Unter anderem behauptet der britische Hersteller einer der Wahlmaschinen in Venezuela, Smartmatic, die Zahlen zur Wahlbeteiligung seien "ohne jeden Zweifel manipuliert" worden. Sie wichen von der tatsächlichen Zahl um eine Million Stimmen ab. Generalstaatsanwältin Luisa Ortega, selbst eine erbitterte Gegnerin Maduros, schaltete sich in den Fall ein und nahm Ermittlungen wegen des Verdachts auf Betrug auf. "Ich habe zwei Staatsanwälte beauftragt, gegen die vier Direktoren des Nationalen Wahlrats wegen dieses sehr skandalösen Vorgangs zu ermitteln", sagte sie dem Sender CNN.

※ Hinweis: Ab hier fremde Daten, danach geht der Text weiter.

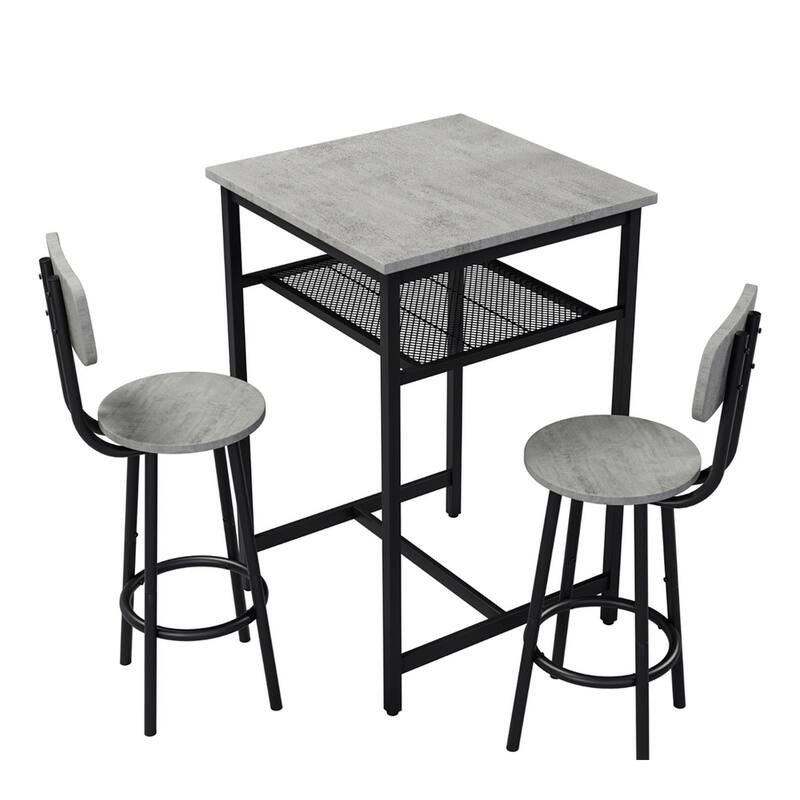 Bar Table,Equipped with 2 Bar Stools ,with Backrest and Partition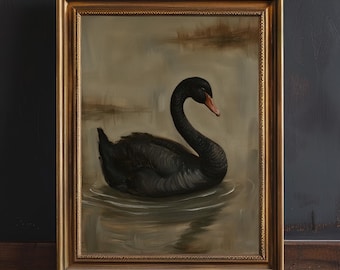 Vintage Black Swan Print, Dark Academia Decor, Dark Moody Wall Art, Gothic Swan Painting, Moody Gothic Wall Decor Poster
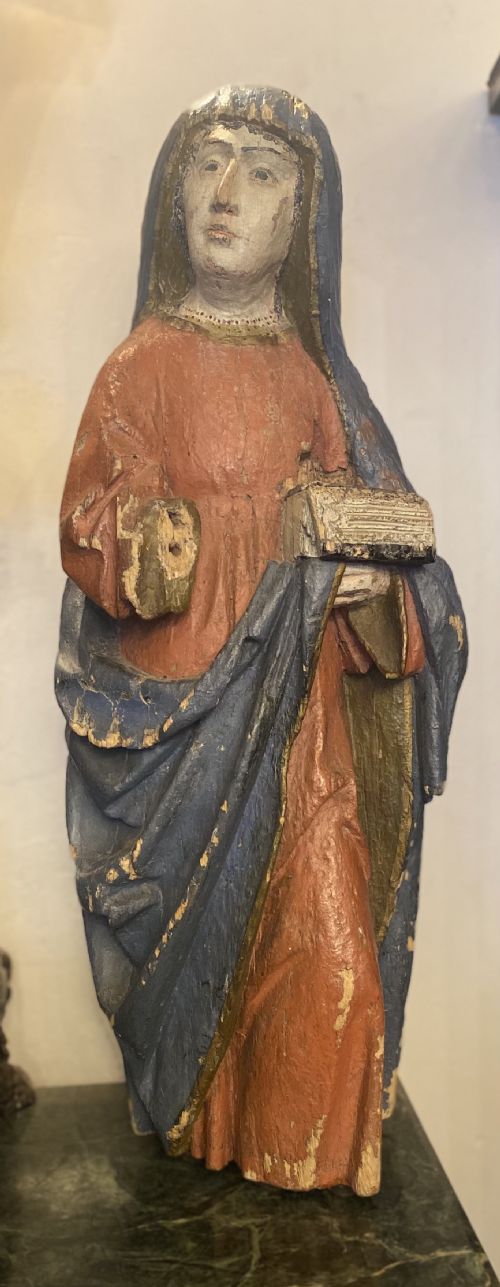 A Large C15th Carved Lime Wood Figure of a Lady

Die Leiterin der nationalen Wahlkommission, Tibisay Lucena, wies den Vorwurf der Manipulation zurück. Dieser sei eine "Meinung" eines Unternehmens, das keinen Zugang zu den Daten des Wahlausgangs habe. Ihre Kommission behalte sich das Recht vor, gegen die von ihr als "unverantwortlich" bezeichnete Aussage juristisch vorzugehen.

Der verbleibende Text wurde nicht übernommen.